**Problem to work on:** Provide again, from the entries below, every line from the one containing "Рычаг задний правый" through the one containing "Meet Marie Sophie", exactly as written, and no other line.

**Task material:**
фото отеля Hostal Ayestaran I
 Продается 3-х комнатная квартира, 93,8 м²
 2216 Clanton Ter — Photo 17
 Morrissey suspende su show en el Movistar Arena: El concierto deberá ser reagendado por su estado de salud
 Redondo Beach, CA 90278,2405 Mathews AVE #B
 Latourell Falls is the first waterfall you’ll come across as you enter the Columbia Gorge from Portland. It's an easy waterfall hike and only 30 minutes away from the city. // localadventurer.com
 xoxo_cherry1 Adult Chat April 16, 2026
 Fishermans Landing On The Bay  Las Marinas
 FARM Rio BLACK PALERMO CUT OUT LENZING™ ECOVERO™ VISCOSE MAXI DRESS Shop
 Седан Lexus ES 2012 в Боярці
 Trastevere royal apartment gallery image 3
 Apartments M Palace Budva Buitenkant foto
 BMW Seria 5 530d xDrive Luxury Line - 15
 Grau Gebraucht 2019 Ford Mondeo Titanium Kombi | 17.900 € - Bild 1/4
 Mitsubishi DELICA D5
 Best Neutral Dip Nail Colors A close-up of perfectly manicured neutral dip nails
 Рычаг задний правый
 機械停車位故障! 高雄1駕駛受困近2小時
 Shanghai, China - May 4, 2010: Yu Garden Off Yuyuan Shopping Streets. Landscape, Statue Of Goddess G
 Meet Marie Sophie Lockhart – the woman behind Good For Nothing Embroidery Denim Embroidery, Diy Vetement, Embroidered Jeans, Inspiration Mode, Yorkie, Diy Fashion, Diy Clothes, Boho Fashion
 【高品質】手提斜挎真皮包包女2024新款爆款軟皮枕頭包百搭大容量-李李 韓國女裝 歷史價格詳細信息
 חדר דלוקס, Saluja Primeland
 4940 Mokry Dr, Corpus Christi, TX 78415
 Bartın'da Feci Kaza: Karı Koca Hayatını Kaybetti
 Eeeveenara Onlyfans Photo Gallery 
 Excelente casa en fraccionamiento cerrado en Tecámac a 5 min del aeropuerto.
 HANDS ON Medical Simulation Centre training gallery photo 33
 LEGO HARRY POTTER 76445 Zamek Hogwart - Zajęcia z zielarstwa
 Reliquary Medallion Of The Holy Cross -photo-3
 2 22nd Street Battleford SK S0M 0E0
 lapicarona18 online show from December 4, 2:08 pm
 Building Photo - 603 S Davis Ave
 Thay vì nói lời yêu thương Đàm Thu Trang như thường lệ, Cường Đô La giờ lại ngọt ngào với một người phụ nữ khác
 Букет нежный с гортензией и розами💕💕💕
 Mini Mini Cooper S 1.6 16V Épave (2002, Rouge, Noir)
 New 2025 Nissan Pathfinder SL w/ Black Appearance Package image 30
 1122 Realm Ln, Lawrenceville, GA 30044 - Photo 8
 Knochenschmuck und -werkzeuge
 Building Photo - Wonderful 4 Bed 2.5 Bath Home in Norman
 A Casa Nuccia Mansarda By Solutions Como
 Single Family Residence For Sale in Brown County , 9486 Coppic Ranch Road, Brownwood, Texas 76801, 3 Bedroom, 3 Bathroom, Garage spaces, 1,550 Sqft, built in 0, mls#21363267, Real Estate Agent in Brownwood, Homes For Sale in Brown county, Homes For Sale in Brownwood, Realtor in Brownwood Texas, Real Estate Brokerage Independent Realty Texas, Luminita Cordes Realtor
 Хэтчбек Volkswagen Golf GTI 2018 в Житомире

**Solution to this problem:**
 Рычаг задний правый
 機械停車位故障! 高雄1駕駛受困近2小時
 Shanghai, China - May 4, 2010: Yu Garden Off Yuyuan Shopping Streets. Landscape, Statue Of Goddess G
 Meet Marie Sophie Lockhart – the woman behind Good For Nothing Embroidery Denim Embroidery, Diy Vetement, Embroidered Jeans, Inspiration Mode, Yorkie, Diy Fashion, Diy Clothes, Boho Fashion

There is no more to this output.